Lastly, it should be noted that the current study was done in comparing the effectiveness of two methods of exercise therapy and acupuncture in treating mild to moderate CTS and achieved valuable information on the effectiveness of exercise therapy and acupuncture in treating these patients which were in line with the results of other similar studies. We have also published the effect of the above methods on the variables of pain, clinical symptoms, and function in another article (55).

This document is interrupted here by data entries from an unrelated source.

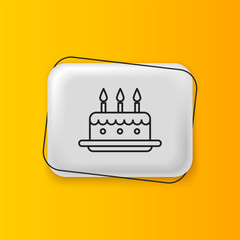 Fototapeta premium Black Cake with burning candles icon isolated on yellow background. Happy Birthday. Silver rectangle button. Vector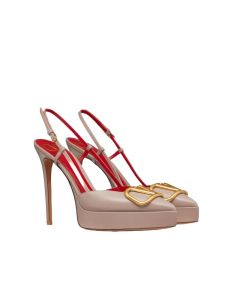 Valentino VLOGO SIGNATURE CALFSKIN SLINGBACK PLATFORM PUMP 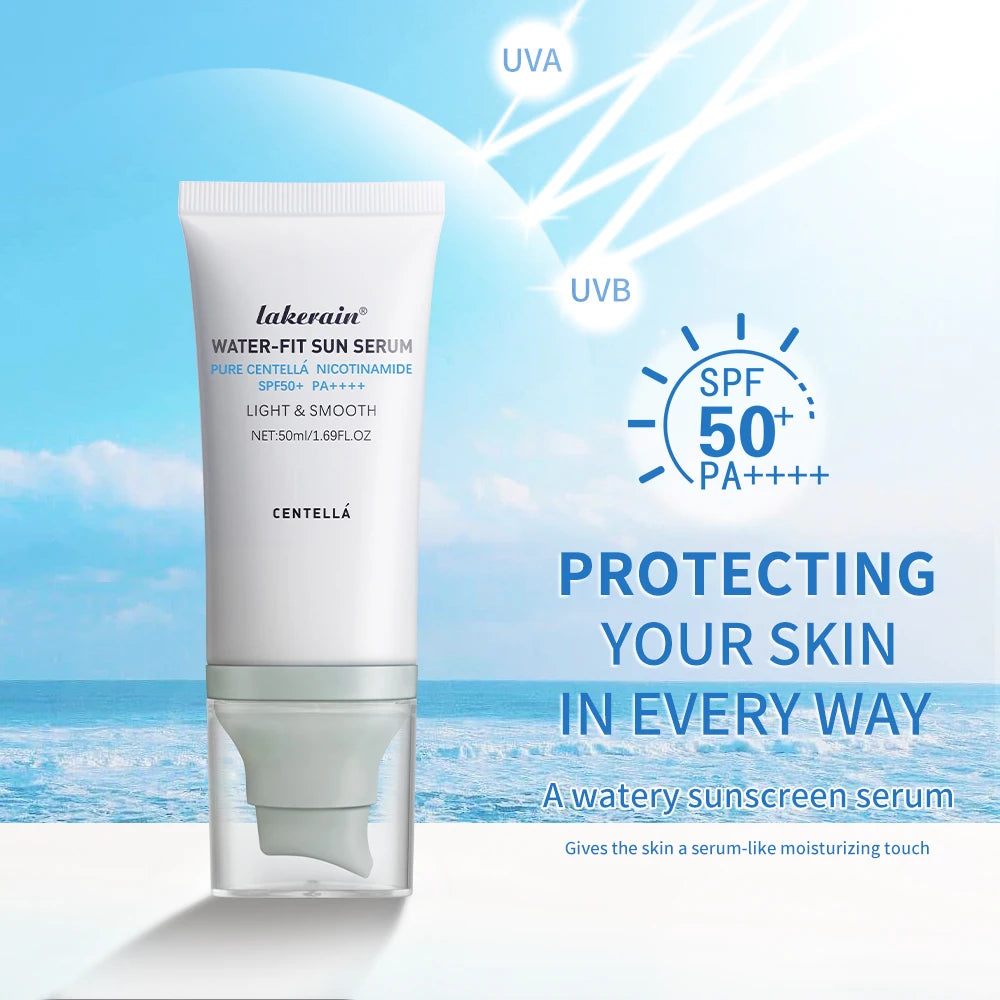 Siero Solare K-Beauty SPF50+ Centella & Niacinamide — Protezione Quotidiana per una Pelle Luminosa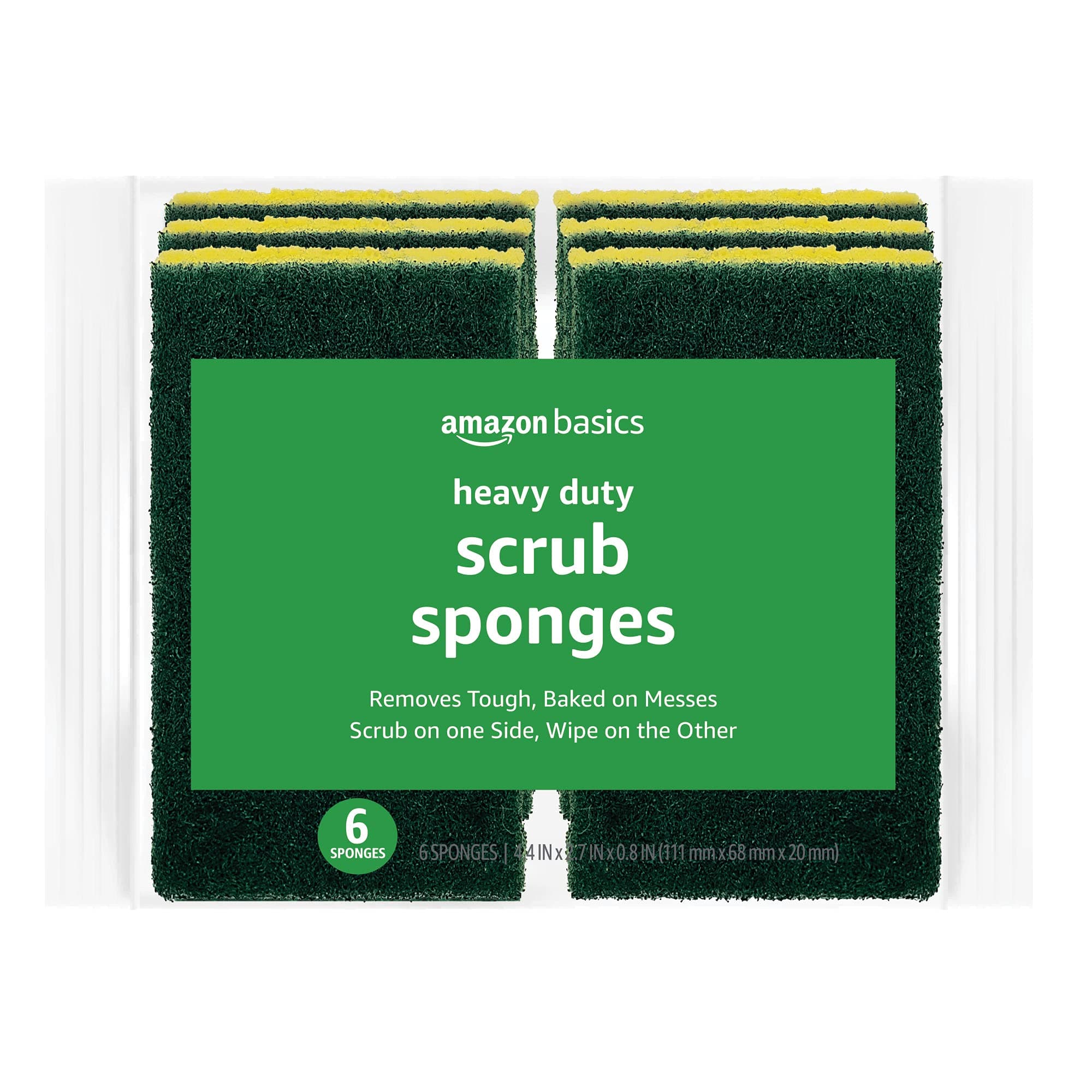 Amazon Basics Cleaning Sponges, Multipurpose, Heavy Duty Scrub Sponges, Yellow/Green, 6-Pack Heavy Duty 6-Pack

Limitations of the present study include the relatively small sample size and the lack of mid-term and long-term monitoring of patients, a limited number of therapeutic sessions in the acupuncture group and if treatment sessions are added, better treatment outcomes might be achieved.
5.1. Conclusions
This study showed the grip force, pinch force and range of motion (flexion and extension) of the wrist were significantly improved in CTS patients at the end of 6 weeks in all three groups. Although using brace alone (control group) did not have any significant effect on the wrist flexion and extension. Probably because of the limited case data. Since there has been no study comparing the effectiveness of acupuncture with exercises in the treatment of CTS, it is not possible to compare the findings of this study with the results of other studies. Therefore, our results need to be confirmed in future studies with a larger sample and long-term monitoring.